*Brief*.
Write down the lines exactly as they appear, from the one that contains "White gold Fancy" through the final line of the records, so that both ends are kept and no pictures come along.
:: Exercise data ::
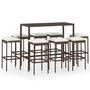 Voir la diapositive 2 : VIDAXL Ensemble de bar de jardin 9 pcs coussins Resine tressee Marron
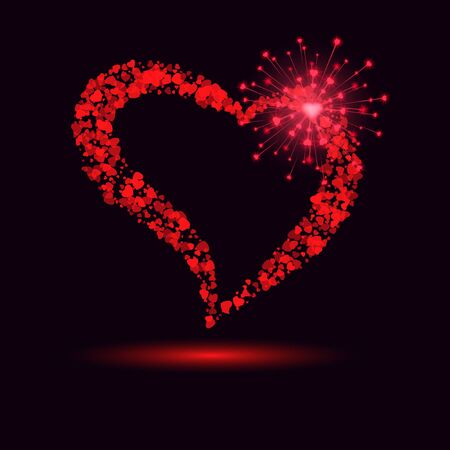 red heart isolated on dark background. Vector illustration.のイラスト素材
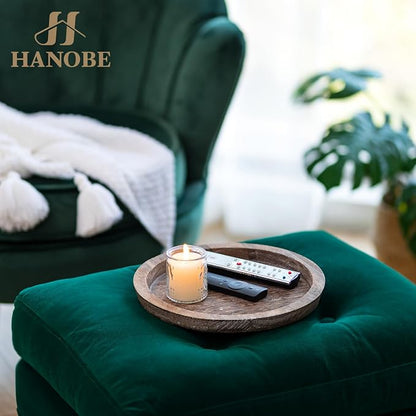 Hanobe Wooden Tray for Coffee Table, Decorative Round Candle Holder Plate | - Image 7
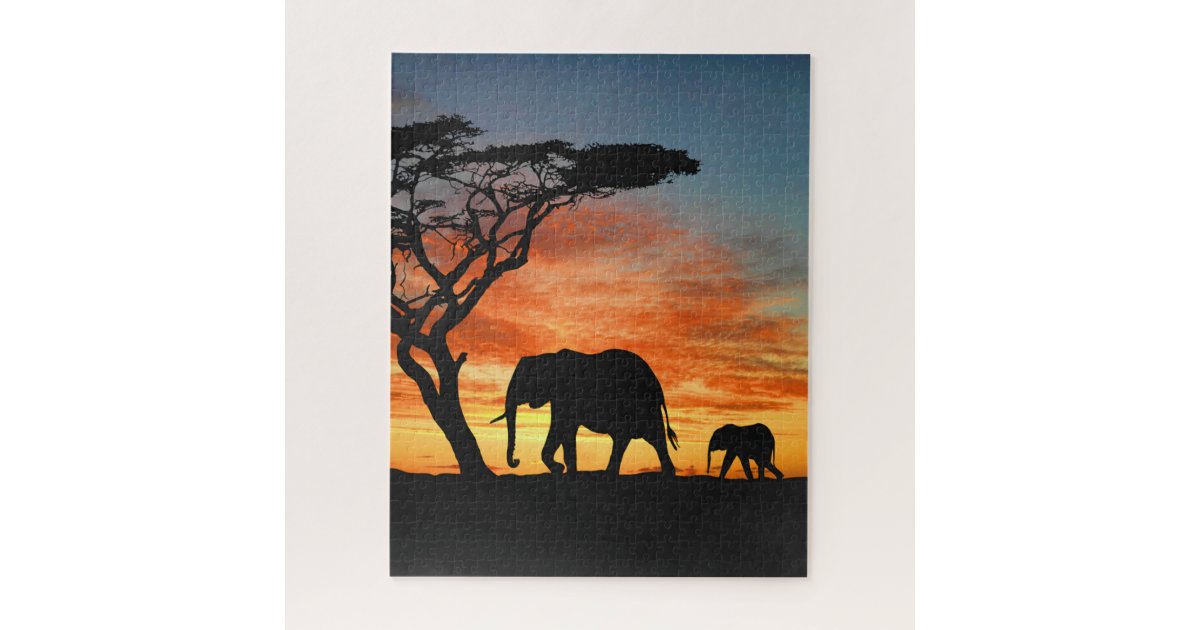 colorful african safari sunset elephant silhouette jigsaw puzzle zazzlecom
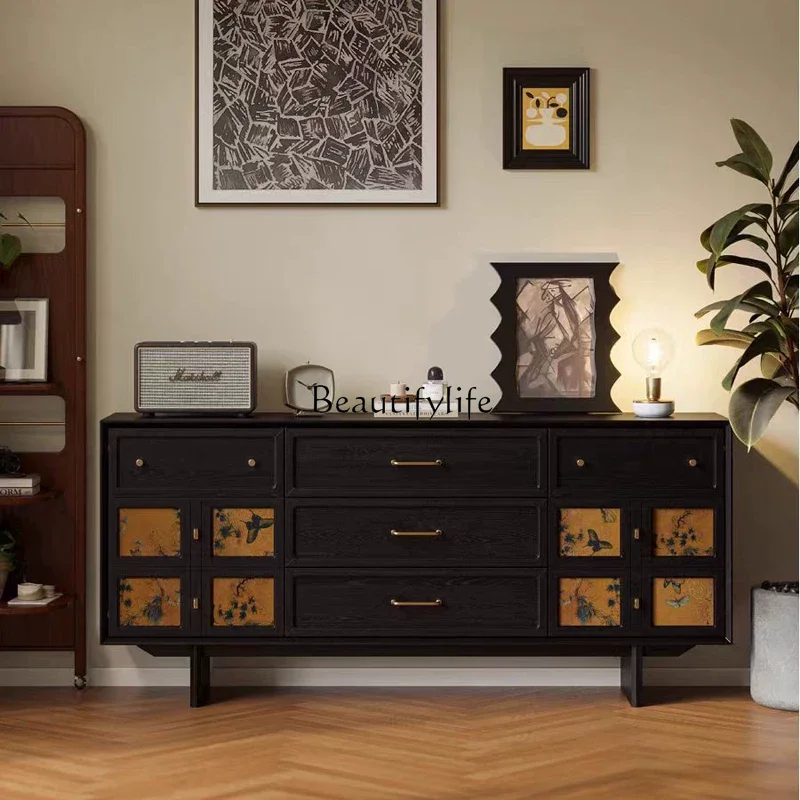 

French retro solid wood dining side cabinet nine buckets living room wall locker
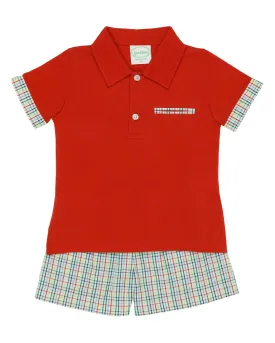 Primary Plaid Polo Set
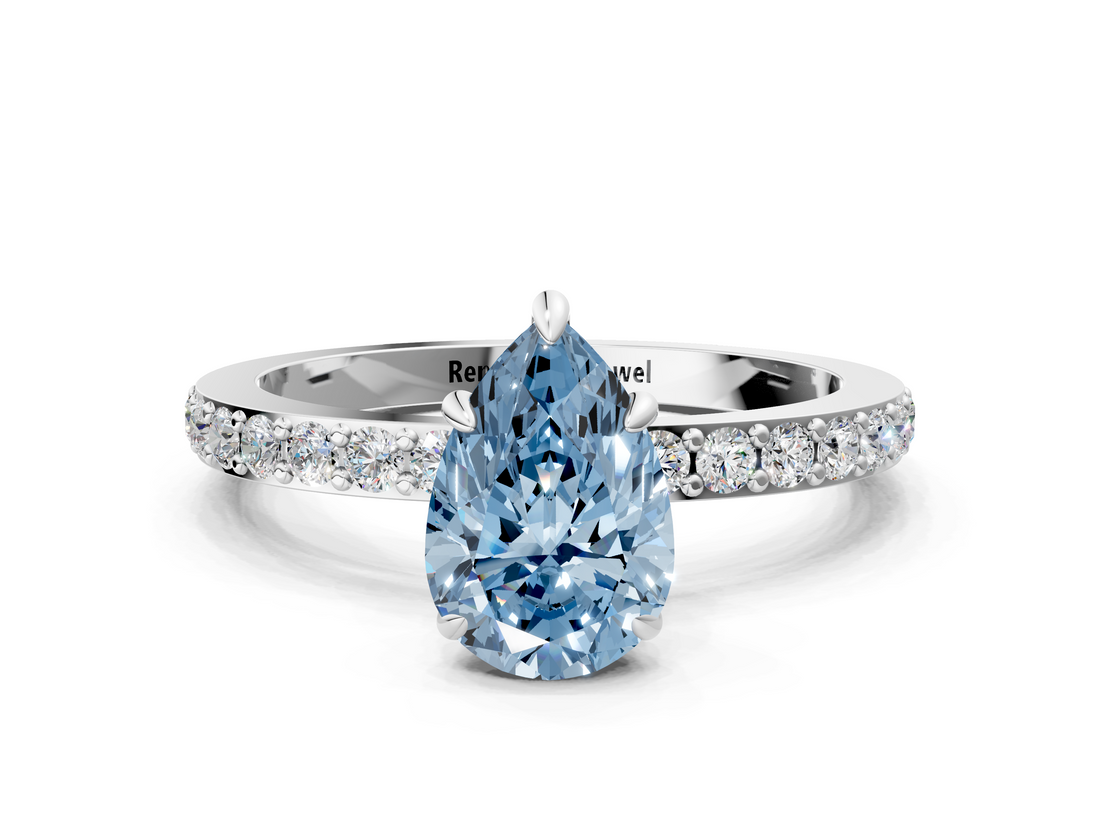 White gold Fancy Blue Pear  Brilliant Pavé Band Solitaire with Four-Prong Setting_53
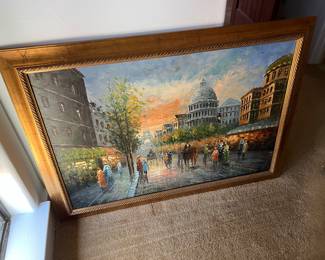 $280~ FRENCH STREET SCENE FRAMED PRINT  SIGNED 41"X 27"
:::
*Reply to the exercise*.
 White gold Fancy Blue Pear  Brilliant Pavé Band Solitaire with Four-Prong Setting_53
 $280~ FRENCH STREET SCENE FRAMED PRINT  SIGNED 41"X 27"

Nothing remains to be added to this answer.